I was running a regression using categorical variables and came across this question. Here, the user wanted to add a column for each dummy. This left me quite confused because I though having long data with the column including all the dummies stored using as.factor()
was equivalent to having dummy variables.
Could someone explain the difference between the following two linear regression models?
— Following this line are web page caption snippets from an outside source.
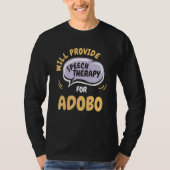 Provide Speech Therapy for Adobo   Speech Patholog T-shirt (Voorkant)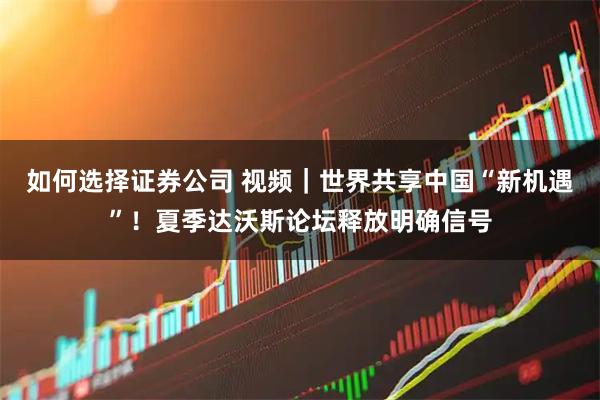 如何选择证券公司 视频｜世界共享中国“新机遇”！夏季达沃斯论坛释放明确信号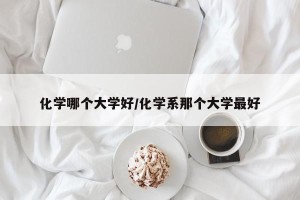 化学哪个大学好/化学系那个大学最好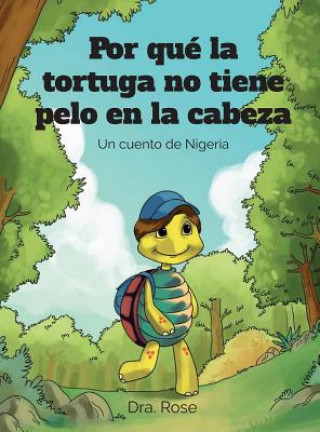 Könyv Por que la Tortuga no Tiene Pelo en la Cabeza Rose Ihedogho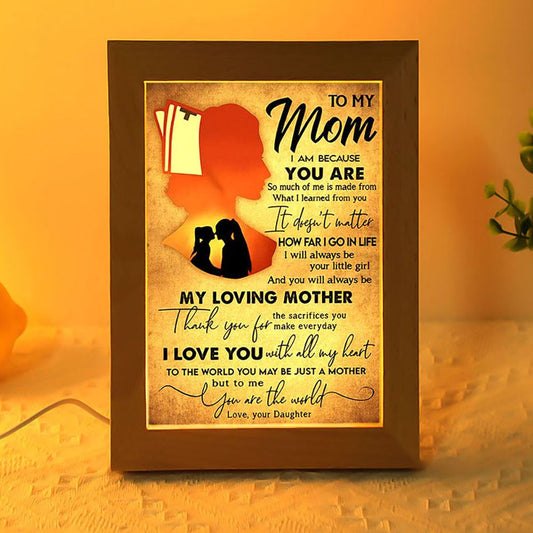 To My Mom You Always Be My Loving Mother Frame Lamp, Mother's Day Frame Lamp, Led Lamp For Mom, Mother's Day Gift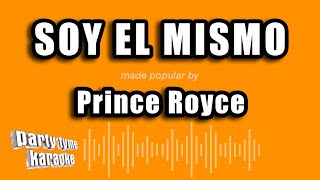 Prince Royce  Soy El Mismo Versión Karaoke [upl. by Atnahsa]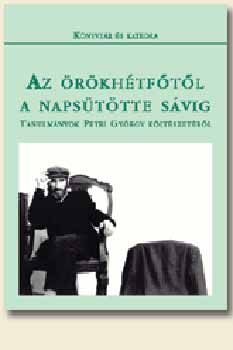 Feny� D. Gy�rgy  (szerk.) - Az �r�kh�tf�t�l a naps�t�tte s�vig KN-9108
Linear Model 1, where Month is a factor:
dt_long
Sales Period Month
1: 0.4898943 1 M1
2: 0.3097716 1 M1
3: 1.0574771 1 M1
4: 0.5121627 1 M1
5: 0.6650744 1 M1
---
8108: 0.5175480 24 M12
8109: 1.2867316 24 M12
8110: 0.6283875 24 M12
8111: 0.6287151 24 M12
8112: 0.4347708 24 M12
M1 <- lm(data = dt_long,
fomrula = Sales ~ Period + factor(Month)
Linear Model 2 where each month is an indicator variable:
dt_wide
Sales Period M1 M2 M3 M4 M5 M6 M7 M8 M9 M10 M11 M12
1: 0.4898943 1 1 0 0 0 0 0 0 0 0 0 0 0
2: 0.3097716 1 1 0 0 0 0 0 0 0 0 0 0 0
3: 1.0574771 1 1 0 0 0 0 0 0 0 0 0 0 0
4: 0.5121627 1 1 0 0 0 0 0 0 0 0 0 0 0
5: 0.6650744 1 1 0 0 0 0 0 0 0 0 0 0 0
---
8108: 0.5175480 24 0 0 0 0 0 0 0 0 0 0 0 1
8109: 1.2867316 24 0 0 0 0 0 0 0 0 0 0 0 1
8110: 0.6283875 24 0 0 0 0 0 0 0 0 0 0 0 1
8111: 0.6287151 24 0 0 0 0 0 0 0 0 0 0 0 1
8112: 0.4347708 24 0 0 0 0 0 0 0 0 0 0 0 1
M2 <- lm(data = data_wide,
formula = Sales ~ Period + M1 + M2 + M3 + ... + M11 + M12
Judging by this previously asked question, both models seem exactly the same. However, after running both models, I noticed that M1
returns 11 dummy estimators (because M1 is used as the reference level), while M2 returns 12 dummies.
Is one model better than the other? Is M1 more efficien? Can I set the reference level in M1 to make both models exactly equivalent?